By now, most likely because of the affinity, Librato’s customers are mainly Saas providers, but anyone can easily buy the product from their web site, and even give it a free trial. In the future, when features will be added and more environments will be supported, I’m sure we’ll see their products adopted by more traditional customers.

In practice

An agent (a very lightweight and unobtrusive piece of software) is installed on your VM (or on a plain physical machine), and will programmatically send VM usage parameters, or specific applications stats being monitored, to a centralized server set up to collect data and to act in a programmed fashion in case thresholds are crossed or events occur.
Depending on the service put under control, a plethora of parameters can be monitored, ranging from the mundane CPU and RAM usage to the more exotic temperature of the server,
An agent can enforce resource limitation for a specific application, (they call this “container”), allowing processes prioritization (similarly to projects and containers in a Solaris environment, here is a link to some technical details).

By now only Linux, as VM as well as physical incarnations (even EC2 intances) is supported, but support to several other platforms (i.e. Windows) is on its way.
You can also get a develoement kit to customize even further the “data collector”.

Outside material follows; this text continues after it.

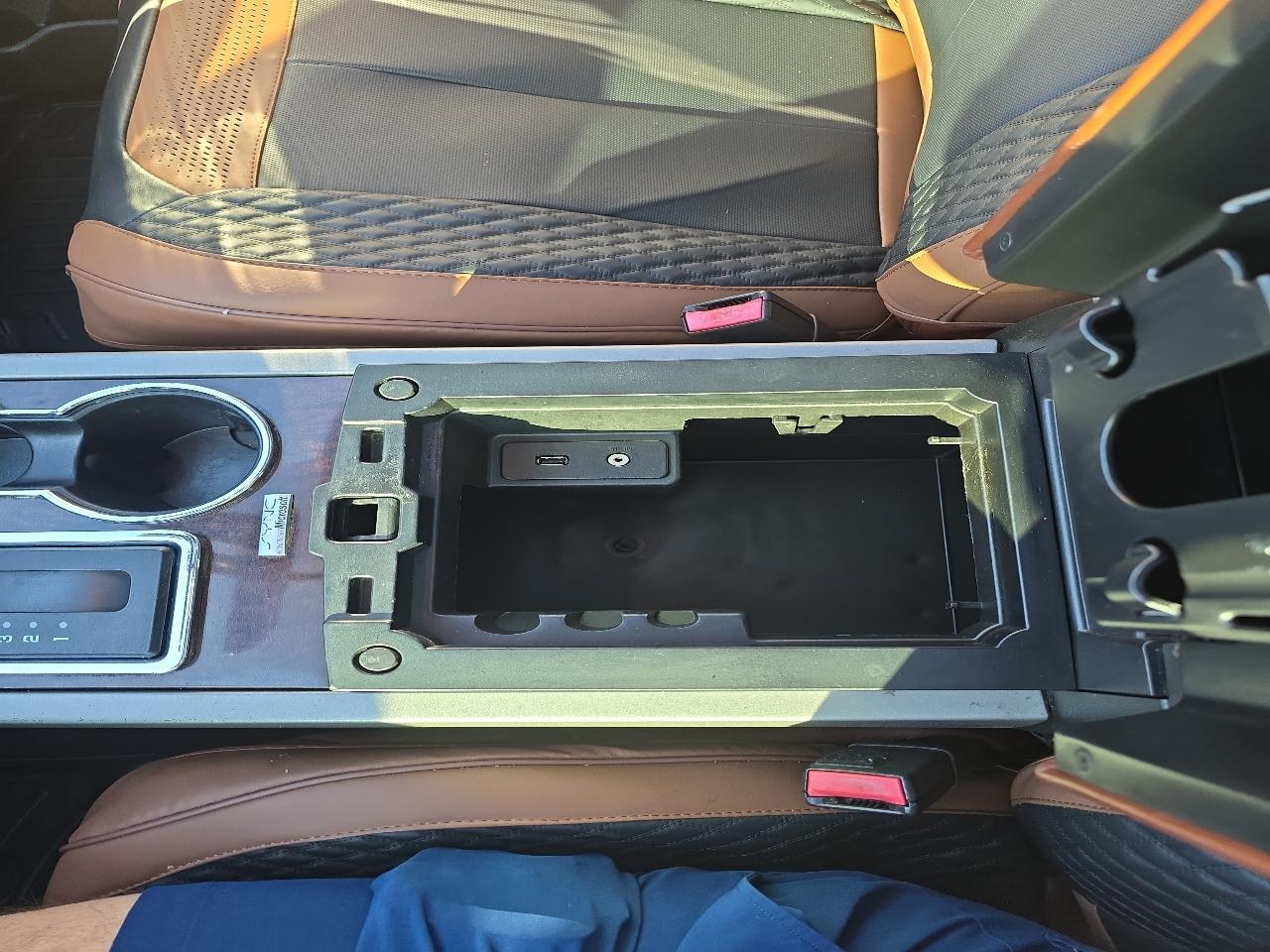 Ford Expedition King Ranch 4WD 2013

Everything under control, even your costs

Being able to keep under scrutiny your server resources is cricial to understand how much you are spending, and to envise how to better use your money.
Just think about some tasks that are cpu intensive but are not required to be high priority executed: using Librato’s tools you can reserve CPU to more important tasks! preventing you from a beefier server purchase, or just downsizing a VM. With this in mind, Librato’s solutions can be also thought as a capacity planning measure.

Let’s demo

The demo carried out during my visit really impressed me, I warmly recommend you to test the product (I already told you can have a free ride, didn’t I?), even after the free trial period, you will not be charged for the first 8 monitored cores (great for keeping under control an EC2 instance or a VM hosted somewhere).

Bottom line

The product might not be fully grown-up yet, but even in its infancy it proves to be very interesting and Librato is one of those small enterprises really deserving to be kept an eye upon.